Don't really know what to say about these past few weeks. Am still working and have quite suddenly turned into the proverbial dumping ground for my father's issues--not that I mind, but damn. When did I become the stable one? Oh, yeah, after I started working. Weird how that changed Dad's perception of me. As his employee I am suddenly more trustworthy/ mature than when I was simply his layabout daughter. Understand this is not said in malice or resentment; I feel quite drained of both.
Despite what he says or thinks, my father is quite simple in many ways. He is never satisfied with what he earns, has, or recieves, because in his mind there is always something "better" to be had. Because of this I will never be able to make him proud of me to a point at which he stops pushing me to do better. This isn't a bad thing considering fathers are supposed to encourage their children to achieve. But the real tragedy of the situation is that he'll never be proud/ happy with himself, either, nor will he ever realize how silly he's being, because the thing is, he has to work and achieve to live the life he wants.

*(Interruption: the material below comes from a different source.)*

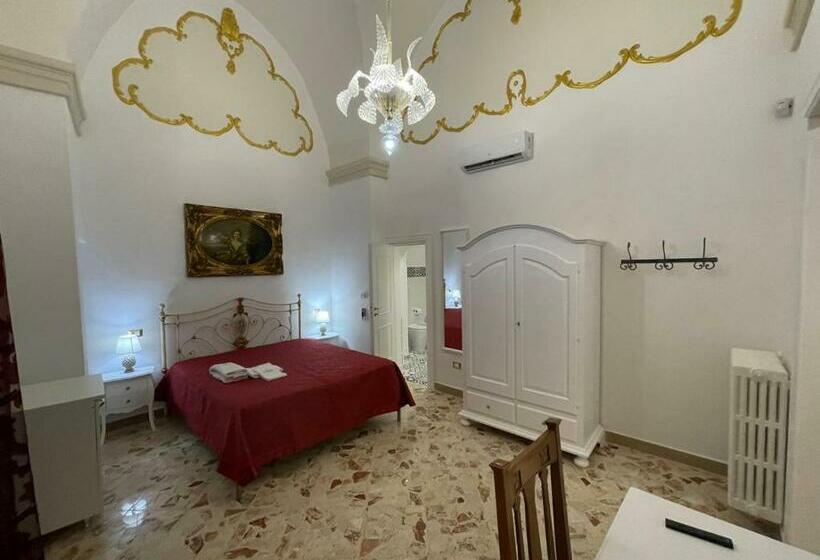 B&b Damapaga Palazzo Grappa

Like this person who's constantly wandering, passing up opportunities and places in favor of an ideal destination that doesn't really exist.
But I'm babbling. It's not really consequential. Still can't really bring myself to think about my sister in great detail. Her current status isn't good.
Have opened a checking account; have a debit card and checkbook and know how to use both. Am getting better at driving and am not quite so scared anymore. Progress? I hope so.
School starts August 3rd WHAT THE HELL.